Globalization was probably the biggest single factor driving this anomaly. An expanding global labor market gave corporations a huge one-time advantage that weakened labor in the developed world. “Five hundred million Chinese were joined unexcitedly by 200 million Eastern Europeans [who had been] pretending to work for their Communist” masters, he explains. 

American workers saw sharp declines in their negotiating power. Wages in the U.S. rose only 10% after inflation in the last 50 years, Grantham notes. In contrast, real wages climbed more than 60% in both England and France, a little noticed fact.

This permitted American corporations to double their profit margins over a half century. Grantham expects the balance of power between capital and labor to drift partially back towards historical parity in the coming decade.

Sincere or not, both political parties in the U.S. suddenly have signaled increased sympathy for workers in lieu of corporations in recent years.  This is evidenced by the growing political clout of asymmetric politicians with similar appeal like Sen. Bernie Sanders and former President Donald Trump.
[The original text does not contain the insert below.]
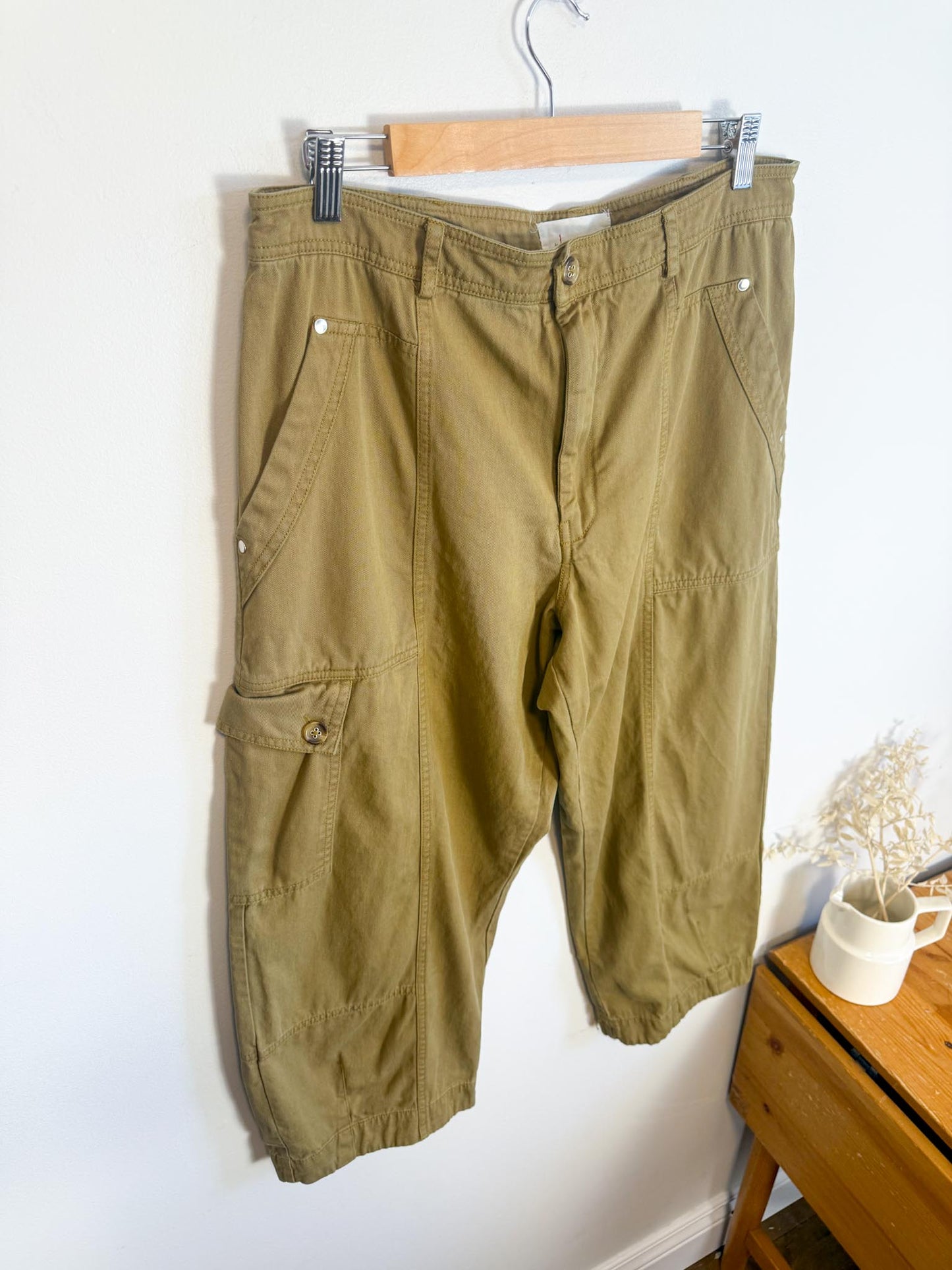 by Anthropologie Cropped Cargo Pants in Khaki Green (Size 14P)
Thirty years of easy monetary policy dating back to former Fed Chairman Alan Greenspan also played a huge role in the bond bubble, Grantham says. Many global bond markets hit a 2,000-year high in 2020, he adds, crediting newsletter publisher Jim Grant for that observation.

Around the developed world, interest rates are even lower than in the U.S. Equities abroad, however, have not reached the heights that they have in America, home to the vibrant tech sector.

 

Grantham sees some clear parallels as well as differences between today and the tech bubble 20 years ago. Back in those days, a plethora of dot.com stocks like Pets.com were poster children for speculative excess.

Now it’s the SPACs (Special Purpose Acquisition Companies). The problem is that “SPACs are much bigger” and are “able to sidestep the SEC prohibition on selling daydreams,” Grantham argues. “We’re looking at something that’s going exponential.”

The market at least seems to be waking up to the problem. The average SPAC, Grantham says, is already down 25% and at least a few have swooned by 50% or more.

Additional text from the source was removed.